Réfléchir : PARDONNER POUR ACCÉDER A LA PAIX

La pratique du pardon est la condition indispensable à la paix :  paix intérieure et paix dans la société.

Il m’a semblé que c’était un sujet de réflexion impératif en ce moment pour tous les hommes de bonne volonté, pour tous ceux qui souhaitent un changement profond et durable de la société, pour ceux également, qui se sentent piégés et sans recours.

Il m’a également semblé utile de faire un tour d’horizon –  (non exhaustif bien sûr, il faudrait une bibliothèque entière pour épuiser le sujet) – des écrits de sagesse de l’humanité.

Il n’y a pas de paix possible sans pardon. C’est ce que prêchaient Gandhi et Martin Luther King deux grands apôtres de la non-violence et de l’agapé :  l’amour désintéressé, divin, universel, inconditionnel.

Pour certaines agressions, certains crimes, l’acte de pardon est tout simplement inimaginable. Il est vécu comme une faiblesse, une soumission, une rédition, et donc une victoire pour l’objet de notre rancœur voire notre haine et les sirènes de la vengeance hurlent à nos oreilles.   Pourtant, quelle force intérieure faut-il avoir pour pardonner l’impardonnable !

Sur le plan du collectif, Il faut des châtiments écrivait Hannah Arendt.

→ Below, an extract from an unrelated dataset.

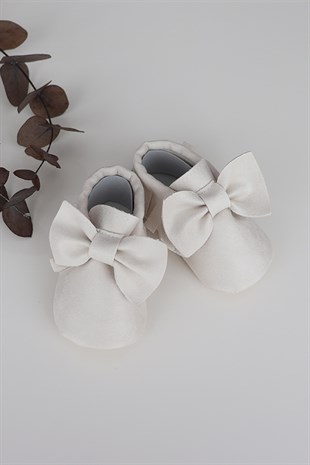 Beyaz Renkli Fiyonklu Bebek Makosen Ayakkabı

« le châtiment a ceci de commun avec le pardon qu’il tente de mettre un terme à une chose qui, sans intervention, pourrait continuer indéfiniment. Il est donc très significatif, c’est un élément structurel du domaine des affaires humaines, que les hommes soient incapables de pardonner ce qu’ils ne peuvent punir, ce qui se relève impardonnable. C’est la véritable marque des offenses que l’on nomme depuis Kant « radicalement mauvaises », et dont nous savons si peu de chose, même nous qui avons été exposés à une de leurs rares explosions en public. Tout ce que nous savons, c’est que nous ne pouvons ni punir ni pardonner ces offenses, et que par conséquent elles transcendent le domaine des affaires humaines et le potentiel du pouvoir humain qu’elles détruisent tous deux radicalement partout où elles font leur apparition. » (Condition de l’homme moderne – Hannah Arendt).

Si l’on réfléchit à l’histoire de l’humanité, ce point de vue, à priori évident, pose la question de l’efficacité réelle du châtiment.  Les société humaines n’ont pas cessé de punir les offenses individuelles et collectives, soit par la l’escalade de la vengeance, soit par la voie de la justice d’état.  Il ne s’agit pas ici de contester l’utilité de cette dernière qui est une évidence. Cependant,  ces punitions ont-elles jamais vraiment apaisé la rancoeur ? Ont-elles jamais servi d’exemple ?

Ont-elles jamais empêché la répétition des crimes ?

Ont-elles jamais brisé le cercle vicieux de la violence ?

La véritable solution est manifestement ailleurs.

La société étant la somme des individus qui la composent, si nous voulons avancer, changer cette société,  il faut  briser le cycle dévastateur de la violence d’abord sur le plan individuel .  Vu sous cet angle, la résolution du problème est d’une simplicité lumineuse :

Si l’homme était sage, il n’y aurait plus ni violences, ni souffrances.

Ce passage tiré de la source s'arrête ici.